(Exercise data Opens)

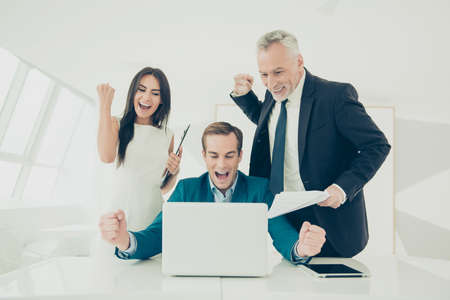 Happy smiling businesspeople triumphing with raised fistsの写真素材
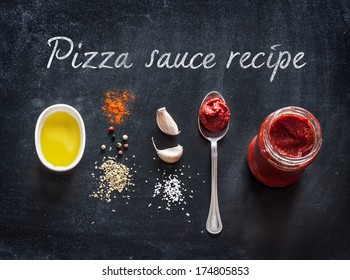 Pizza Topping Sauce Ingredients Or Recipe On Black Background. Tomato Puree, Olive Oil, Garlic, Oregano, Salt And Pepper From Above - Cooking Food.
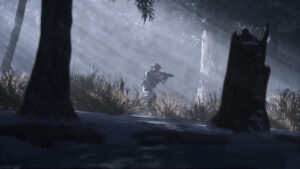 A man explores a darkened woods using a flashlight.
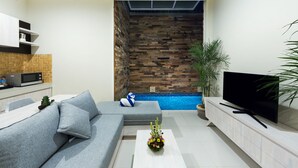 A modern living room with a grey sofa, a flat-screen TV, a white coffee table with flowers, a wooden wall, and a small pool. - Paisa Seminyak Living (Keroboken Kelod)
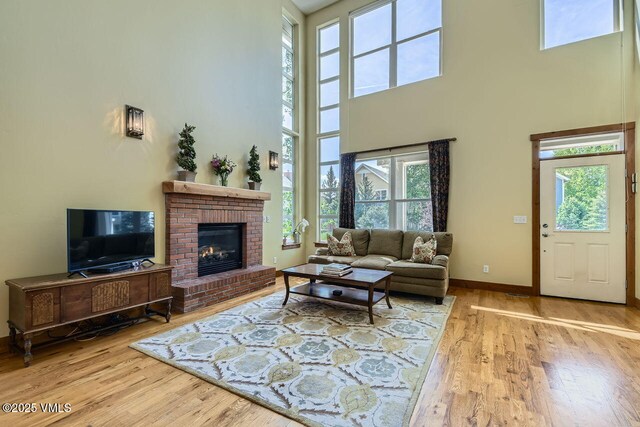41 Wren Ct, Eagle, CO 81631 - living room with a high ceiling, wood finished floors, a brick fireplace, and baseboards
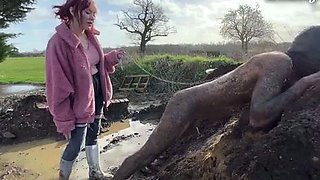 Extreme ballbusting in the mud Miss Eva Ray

(Exercise data Closes)
(Exercise data Opens)

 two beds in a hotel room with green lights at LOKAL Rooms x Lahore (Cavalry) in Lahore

(Exercise data Closes)
(Exercise data Opens)

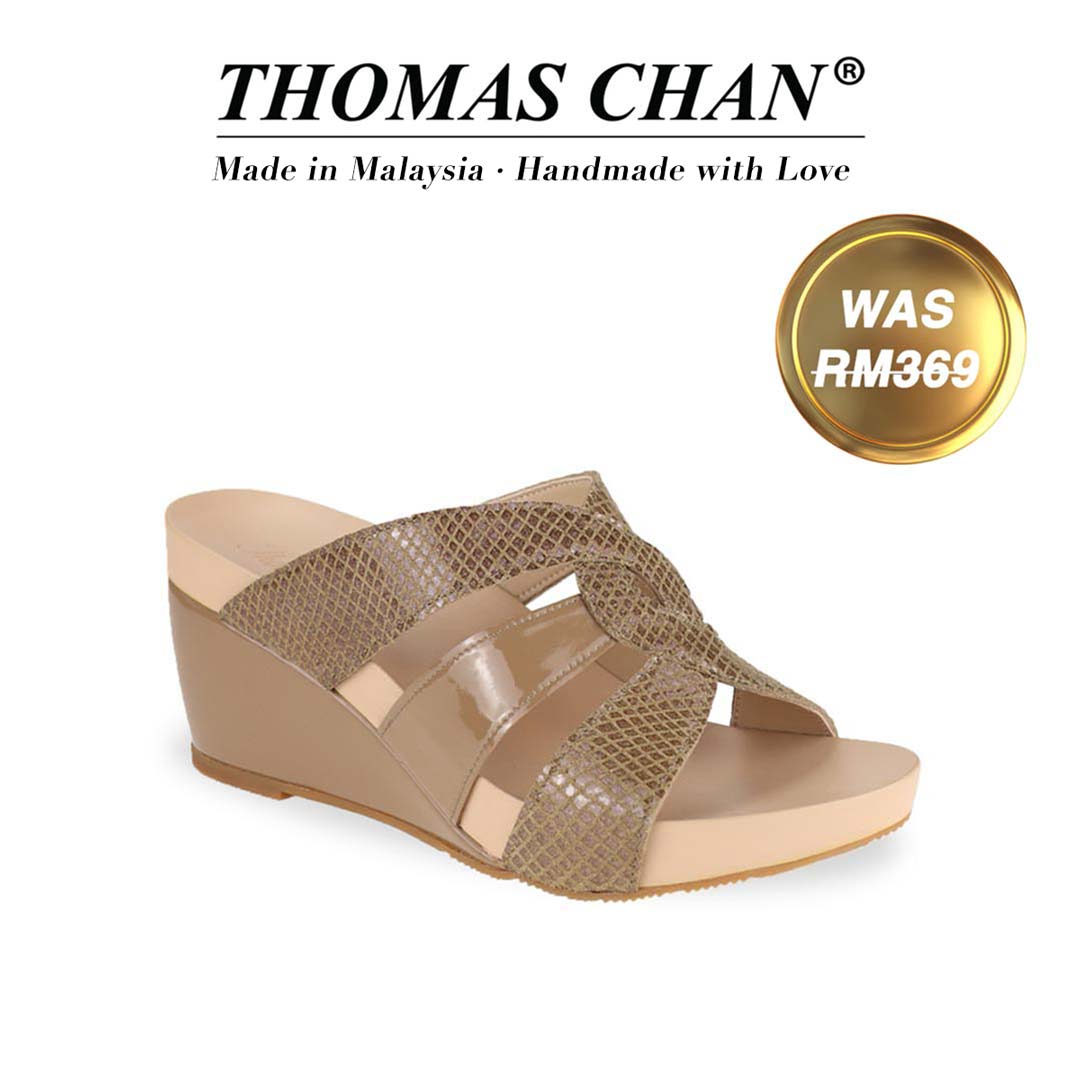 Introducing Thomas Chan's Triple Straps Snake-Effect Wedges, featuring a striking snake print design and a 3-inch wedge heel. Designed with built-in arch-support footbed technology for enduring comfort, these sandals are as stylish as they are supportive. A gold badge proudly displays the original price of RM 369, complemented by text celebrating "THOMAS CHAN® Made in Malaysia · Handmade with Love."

(Exercise data Closes)

--- Exercise instructions ---
Reproduce, exactly and only, the lines of the records above starting at the line with "Pizza Topping Sauce" and ending at the line with "Extreme ballbusting in the mud Miss Eva Ray", both included. Leave every picture out.

--- Your solution ---
 Pizza Topping Sauce Ingredients Or Recipe On Black Background. Tomato Puree, Olive Oil, Garlic, Oregano, Salt And Pepper From Above - Cooking Food.
 A man explores a darkened woods using a flashlight.
 A modern living room with a grey sofa, a flat-screen TV, a white coffee table with flowers, a wooden wall, and a small pool. - Paisa Seminyak Living (Keroboken Kelod)
41 Wren Ct, Eagle, CO 81631 - living room with a high ceiling, wood finished floors, a brick fireplace, and baseboards
 Extreme ballbusting in the mud Miss Eva Ray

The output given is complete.